Froberg proposes that older women are defined by their appearance. Like Gwen’s mother, once women reach a certain age, they are largely ignored, that is unless they have aged well. But what does that mean, to age well? Here, Froberg defines aging well as not just being (normatively) capable both physically and mentally, but also being free of any signs that mark old age. Although, as she points out, women and men are not held to the same standards. Men grow old without worry, while women are pressured to be wrinkle-free.

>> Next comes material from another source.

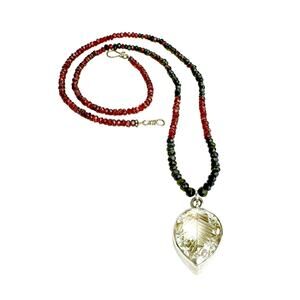 Leaf Carved Quartz Crystal Sterling Pendant Garnet Black Spinel Beaded Necklace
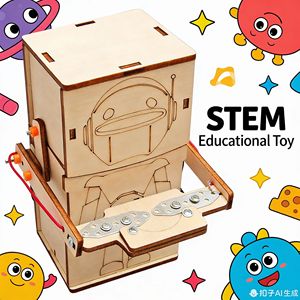 Juguetes de Rompecabezas de Madera DIY, Robots que Tragan Monedas, Educación Infantil, Ensamblaje <span class=keywords><strong>Manual</strong></span>, Conjuntos de Experimentos Científicos STEAM - Product Image 2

Froberg’s commentary is derailed drastically by the analogy Gwen’s European Esthetician draws between North America’s “War on the Face” and World War II. The second World War, the Esthetician believes, instilled (all?) Europeans with socially progressive attitudes towards aging and beauty. Having never experienced any such trauma, North Americans are, therefore, incapable of recognizing inner beauty. (REAL blemishes are caused by artillery explosions). The whole scene is perplexing, and Froberg’s poor attempt at a “European” accent does little to help.
What else might confuse audiences are Froberg’s messy character transitions. Froberg is not up to task on presenting six, distinct characters. In fact, she may simply be working with more characters than necessary. Some of the other character storylines, like Gwen’s sister who has a son with special needs, wander aimlessly until the end where Froberg rushes to close them with a nice feel-good ribbon. The result is a play that know what it wants to say, but then tries to fit in as much else as it can, making for a very obvious one-hour run time.
Overall, Froberg’s A Woman of a Certain Age speaks hard truths about women, aging, and beauty, but not without some major bumps along the way.
Presented by Archetype Productions, Wendy Froberg’s A Woman of a Certain Age runs July 31 – August 8th as part of the 2015 Calgary Fringe Festival.